В Японии Запад представляли, в зависимости от сферы, американцы, немцы или французы. В 1953 году американское влияние в общем преобладало, но, может быть, французскую литературу знали лучше, чем какую-либо иную. Иногда в университете я беседовал по-немецки с философом, получившим образование в феноменологическом или хайдеггеровском духе. Напротив, в Индии Запад смешивается с Англией или с Соединенными Штатами. Я не мог удержаться от восхищения тем, насколько японская культура сохранилась в своих глубинных основах, в семье, в манерах поведения, в верованиях, при том что эта преемственность столь незначительно замедлила освоение современной техники или экономики, необходимых для честолюбия Японии, излечившейся от военных мечтаний. Поскольку Империя восходящего солнца отказалась быть одной из первых по своей мощи, она должна была подняться на самые большие высоты в мирных искусствах.
Разговоры с японскими интеллектуалами не вызывали у меня ощущения потерянности. В то же время их реакция на факт американского преобладания пробуждала чувство уже-виденного или уже-слышанного. Непринужденный стиль межличностных отношений американцев контрастирует с почти ритуальным характером таких отношений в вечной Японии. Конечно, маленькие японцы то здесь, то там вели себя как маленькие американцы и упражнялись в бейсболе. Во время последующих поездок у меня возникло впечатление, что традиция начинала побеждать внешнее влияние, и я задавался вопросом о смысле студенческих волнений, которые в 60-е годы приобрели крайне ожесточенный характер.

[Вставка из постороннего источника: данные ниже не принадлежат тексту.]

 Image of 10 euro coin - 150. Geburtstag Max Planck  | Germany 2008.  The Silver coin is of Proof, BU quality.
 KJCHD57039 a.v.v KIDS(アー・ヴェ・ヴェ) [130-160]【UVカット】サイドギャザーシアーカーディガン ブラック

В Индии, по крайней мере в ту эпоху, в глаза путешественника сразу же по его прибытии бросались толпы, нищие толпы. Я сошел с корабля в Калькутте, приплыв из Гонконга, и в течение первых дней спрашивал себя, как привилегированные люди свыкаются с несчастьем других, со спящими ночью на тротуарах, с убогими кварталами, где обитают сотни тысяч мужчин, женщин, детей, лишенных всего. К своему стыду, я осознал, что через несколько дней и сам перестал видеть нестерпимое. Случайно я открыл правило, которым руководствуются нищие и о котором не ведал. Выходя из храма, я дал ребенку несколько монеток. Через несколько мгновений меня окружила кричащая стая молодых индийцев, требовавших своей доли. Пока я ничего никому не давал, никто не протестовал; как только я дал что-то одному, все другие посчитали себя вправе требовать того же. Мои спутники, объяснившие мне смысл случившегося, были выпускниками Лондонской школы экономики, они излагали мне фабианские идеи, близкие к социалистическим, которые не соответствовали индийским условиям и их собственному поведению, скорее вынужденному, чем избранному свободно.
Мои поездки в Японию, вероятно, не дали мне ничего или почти ничего сверх того, что я мог бы узнать из книг. Разговоры, пейзажи, монументы, толпы, все воспоминания, которые мы храним, обогатившие нас опыты создают иллюзию близости. То, что мы знали раньше, теперь узнается по-другому. У нас пропадает желание повторить вопрос Монтескьё: «Как можно быть персиянином?» Чего не отдал бы латинист, чтобы оказаться, хотя бы на один день, в имперском Риме в начале нашего тысячелетия?